* **Data to process**:
────────────────────
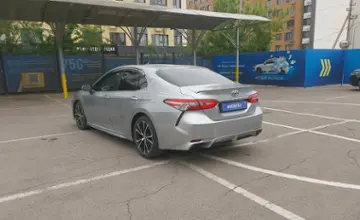 Toyota Camry 2017 года за 11 000 000 тг. в Алматы фото 4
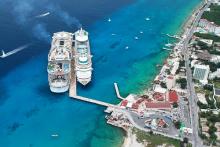 Oasis of the Seas junto al Freedom of the Seas en cozumel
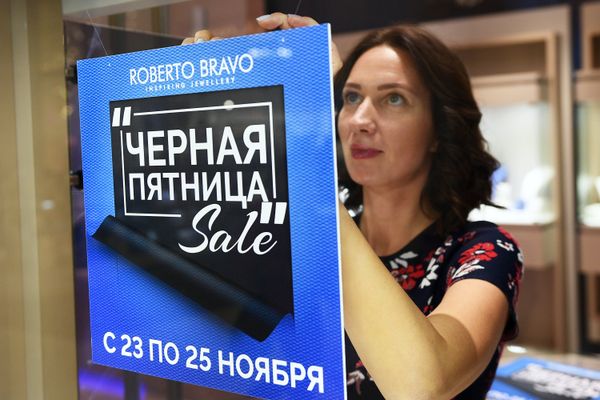 Девушка в ювелирном магазине в ТРЦ Колумбус в Москве
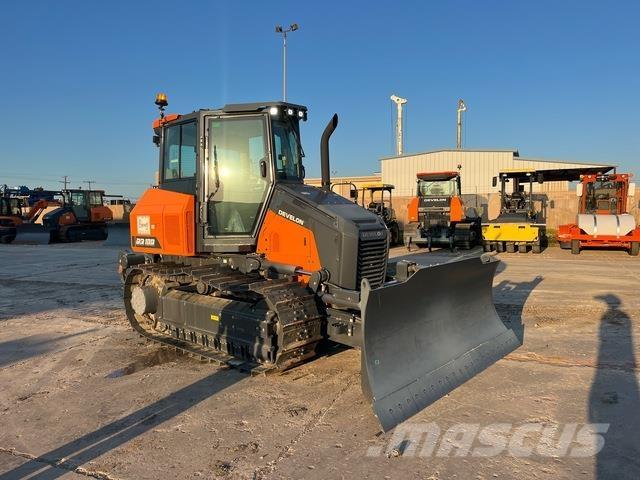 Develon DD100 Bulldozer på larvebånd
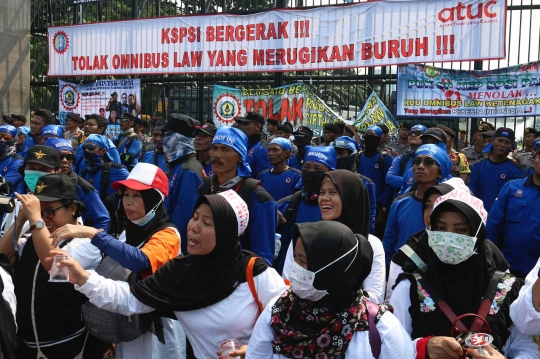 Massa Buruh Tolak RUU Omnibus Law di DPR
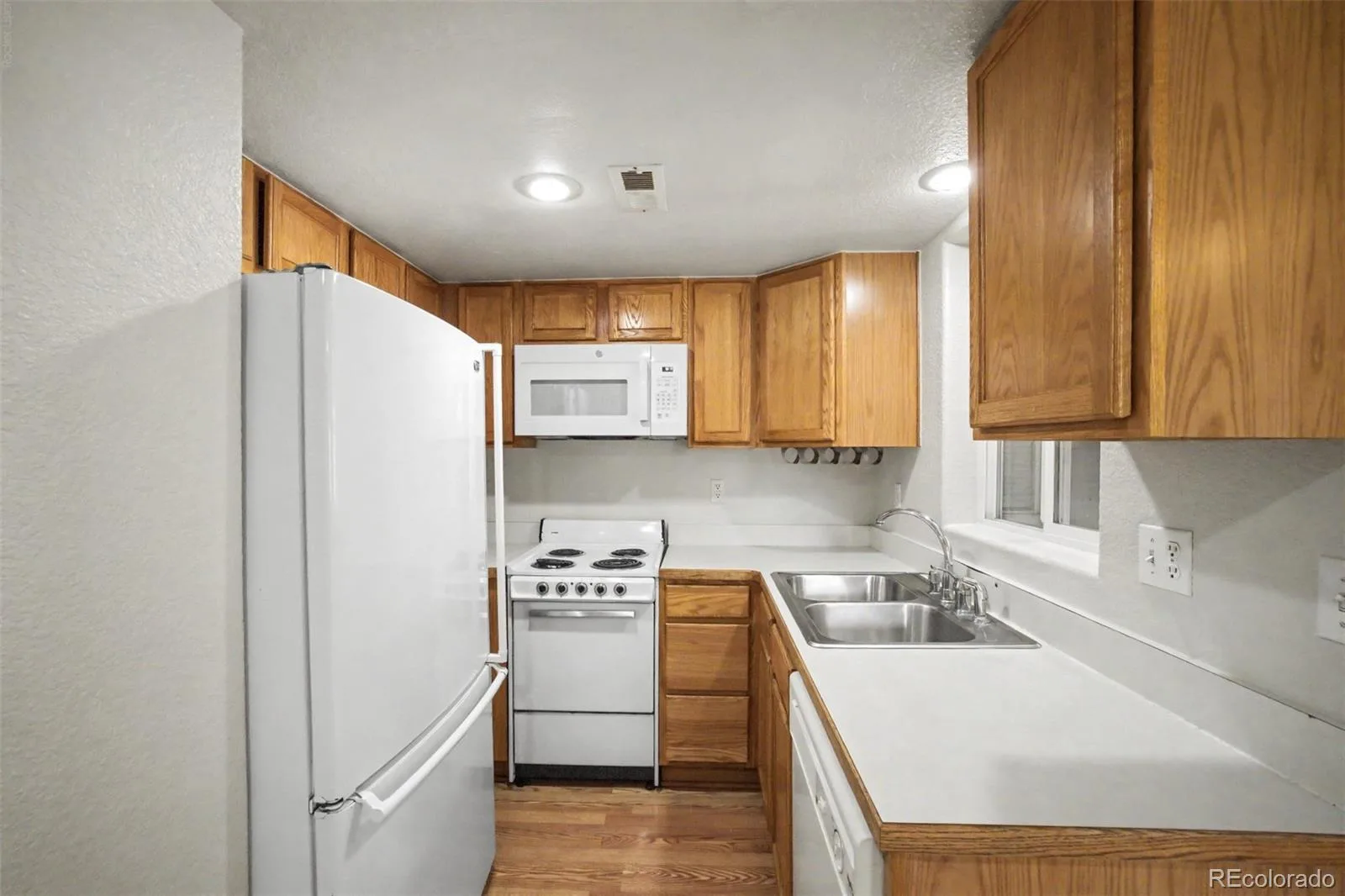 960 S Dawson Way #1 Aurora CO 80012 | MLS #REC4974703 08262026123216 1600 5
────────────────────
* **Exercise details**: An exact copy is needed of the lines running from the one containing "Massa Buruh Tolak RUU Omnibus Law di DPR" through the last line of the material, and of no others; pictures stay out.

* **Exercise response**:
 Massa Buruh Tolak RUU Omnibus Law di DPR
 960 S Dawson Way #1 Aurora CO 80012 | MLS #REC4974703 08262026123216 1600 5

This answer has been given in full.